Seeing Berlin divided by the wall tore apart the country as well as separating the city’s streets, neighbors and families, mayor Klaus Wowereit said at a televised ceremony.
“It is our shared responsibility to keep the memory alive and to pass it on to the coming generations as a reminder to stand up for freedom and democracy to ensure that such injustice may never happen again,” Wowereit said.
German Chancellor Angela Merkel – who grew up behind the wall in Germany’s communist eastern part – also attended the commemoration in Berlin, where parts of the wall and an attached surveillance tower now form a museum.
The road where the museum is located was divided in two on August 13, 1961, and some 2,000 east German residents were expelled from their houses to allow the communist authorities to secure the new border.

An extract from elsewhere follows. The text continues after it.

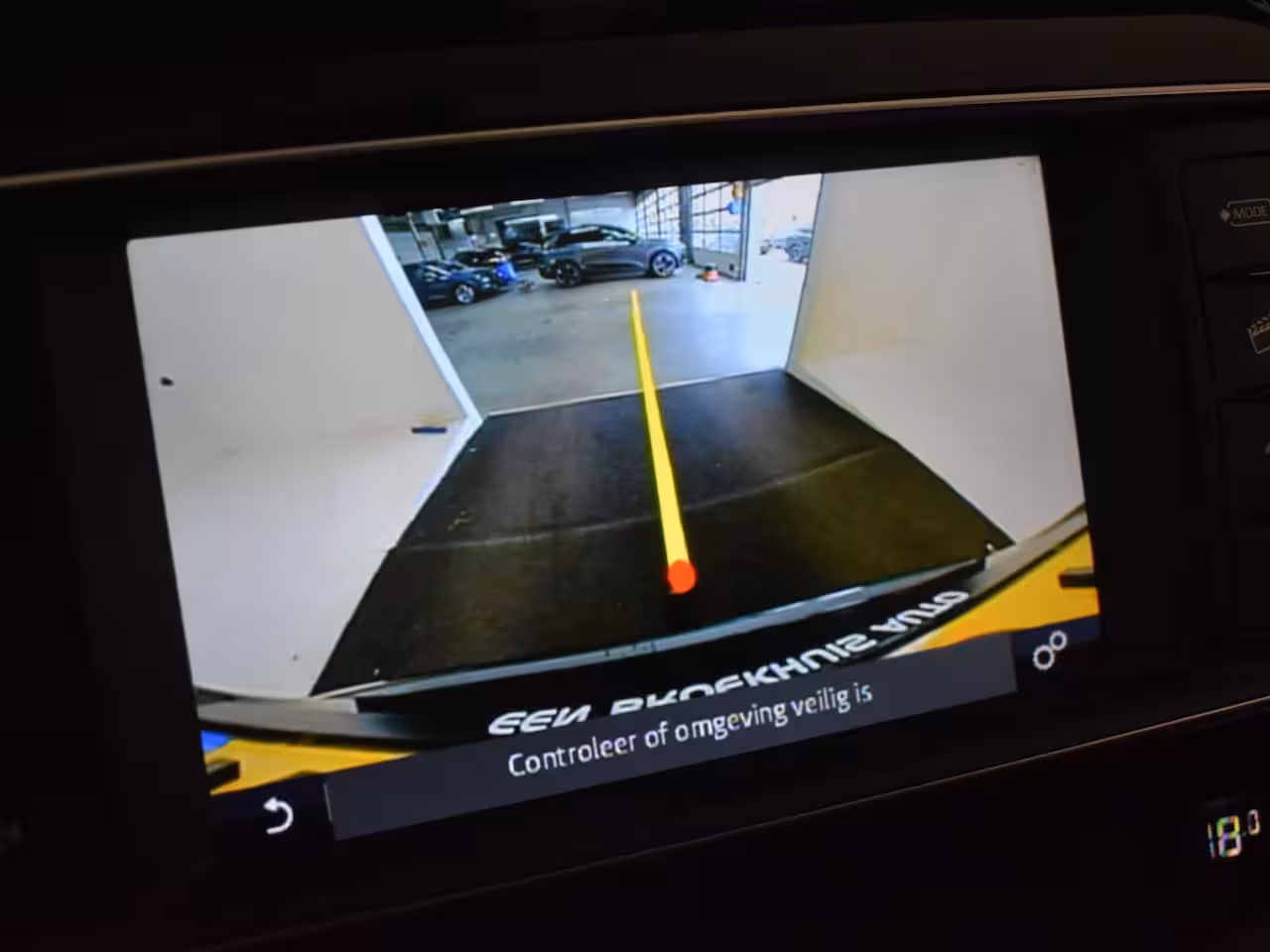 Jaguar F-Pace 2.0 Portfolio AWD 30t 300pk AUTO | Lederen bekleding | Elektrisch verstelb. voorstoelen |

The country was then divided for 28 years. Hundreds of east Germans were arrested while trying to flee to democratic Western Germany and at least 136 were killed trying to cross the wall.
German President Christian Wulff said the “life-asphyxiating wall“ must be a reminder to appreciate and preserve the ”openness of today’s world.”

A man lights a candle at the Berlin Wall Memorial at Bernauer Strasse in Berlin, Saturday, Aug. 13, 2011, to mark the 50th anniversary of the day communist East Germany sealed itself off. (Photo/Markus Schreiber)
Germany had been divided into capitalist western and communist eastern sectors after the end of World War II. At the height of tensions between the United States and the Soviet Union, the East German regime started building the wall through the capital.
East Germany’s entire border was soon fortified, making West Berlin an island of democracy and freedom behind the communist bloc’s iron curtain.
“When I was seven years old, I still went with my grandmother – just a few days before the construction of the Wall – from East Berlin’s Pankow (neighborhood) to West Berlin, and for me as a child it was totally inconceivable that Berlin was suddenly divided,” Merkel has said ahead of Saturday’s ceremony.
“From that moment on, I couldn’t go to visit my grandmother in Hamburg anymore (…) I couldn’t see my aunt or my cousins anymore. That of course marked my entire life,” Merkel said in unusually personal remarks.
The division ended on Nov. 9, 1989 – after communist East Germany opened the Berlin Wall amid pressure from massive demonstrations and a softening of the Soviet Union’s political stance championed by then-leader Mikhail Gorbachev.
Today, only a few of the wall’s roughly 12-foot (3 1/2-meter) high concrete slabs remain standing – haunting reminders of the city’s decades of division.
Part of the nearly 25-mile (40-kilometer) path that the wall wound through the heart of the city is marked today by a cobblestone strip, which stretches down streets and across sidewalks to remind passers-by where the wall once stood.
When the wall was first built, nobody knew what was going to happen next. Many people were afraid that it would serve as a provocation and turn to the Cold War into a hot one.
Wowereit emphatically thanked all those who stood up for Berlin‘s freedom throughout the Wall’s existence, singling out former U.S. President John F. Kennedy “who gave us courage” by visiting the divided city.
On his trip in 1963, Kennedy declared “Ich bin ein Berliner (I am a citizen of Berlin)”, expressing his solidarity with West Germany.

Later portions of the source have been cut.